In [1]:
from google.colab import auth
auth.authenticate_user()

print('authenticated')

authenticated


In [21]:
import numpy as np
import random
import time
import pickle
import gzip
import json
import sys

## How to load the dataset
download the [mnist dataset](https://drive.google.com/file/d/1l_zwAKQTlZPib4xhVGriDpVqjaXkXZk-/view?usp=drive_link) or used your desired dataset *(donot forget to change the nerons and other parameters)*

upload the downloaded gzip file in the colab file


> remember: donot forget to check the correct file name at the line 7





In [3]:
# load 50,000 dataset from mnist
def load_data():
  # training data is 28*28 pixel
  # return value =: training data, the validation data, and the test data.

  print('loading dataset...')
  f = gzip.open('/content/mnist.pkl.gz', 'rb') # --> you can replace the file name with your desire file name

  u = pickle._Unpickler(f)
  u.encoding = 'latin1'
  training_data, validation_data, test_data = u.load()
  f.close()
  print('loaded')
  return (training_data, validation_data, test_data)

def load_data_wrapper():
  tr_d, va_d, te_d = load_data()
  print('reshapping...')
  training_inputs = [np.reshape(x, (784, 1)) for x in tr_d[0]]
  training_results = [vectorized_result(y) for y in tr_d[1]]
  training_data = list(zip(training_inputs, training_results))

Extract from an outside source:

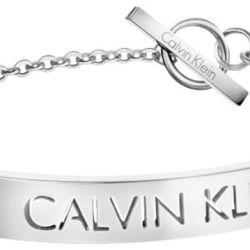 Calvin Klein Pevný oceľový náramok Message KJ7CMF00030 17 cm - S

  validation_inputs = [np.reshape(x, (784, 1)) for x in va_d[0]]
  validation_data = list(zip(validation_inputs, va_d[1]))

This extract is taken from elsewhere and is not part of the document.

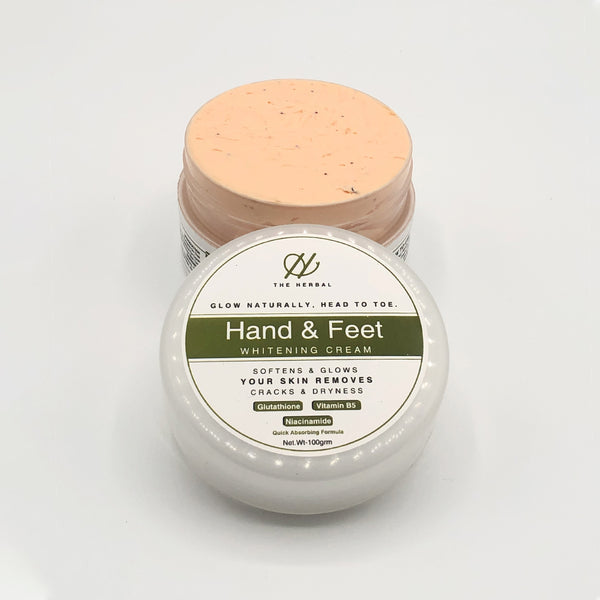 Hand & Feet Whitening Cream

  test_inputs = [np.reshape(x, (784, 1)) for x in te_d[0]]
  test_data = list(zip(test_inputs, te_d[1]))
  print('completed')
  return (training_data, validation_data, test_data)

def vectorized_result(j):
  """
  This is used to convert a digit
  (0...9) into a corresponding desired output
  """
  e = np.zeros((10, 1))
  e[j] = 1.0
  return e

## Helping Function

In [25]:
def softmax(z):
  exp_z = np.exp(z - np.max(z))
  return exp_z / np.sum(exp_z, axis=0, keepdims=True)

def sigmoid(z):
  return 1.0/(1.0+np.exp(-z))

def sigmoid_prime(z):
  # derivative of sigmoid fn
  return sigmoid(z)*(1-sigmoid(z))

def load(filename):
  # load instance of the Network from a file
  f = open(filename, 'r')
  data = json.load(f)
  f.close()

  cost = getattr(sys.modules[__name__], data["cost"])
  net = Network(data["sizes"], cost=cost)
  net.weights = [np.array(w) for w in data["weights"]]
  net.biases = [np.array(b) for b in data["biases"]]

  return net


## Cost Caluation method

**Cross-entropy** is better than **Quadractic** for training because we have eliminated the direct multiplication of the sigmoid derivative in the gradient calculation. This helps avoid the issue of vanishing gradients when the network's predictions are very wrong, leading to faster and more stable training.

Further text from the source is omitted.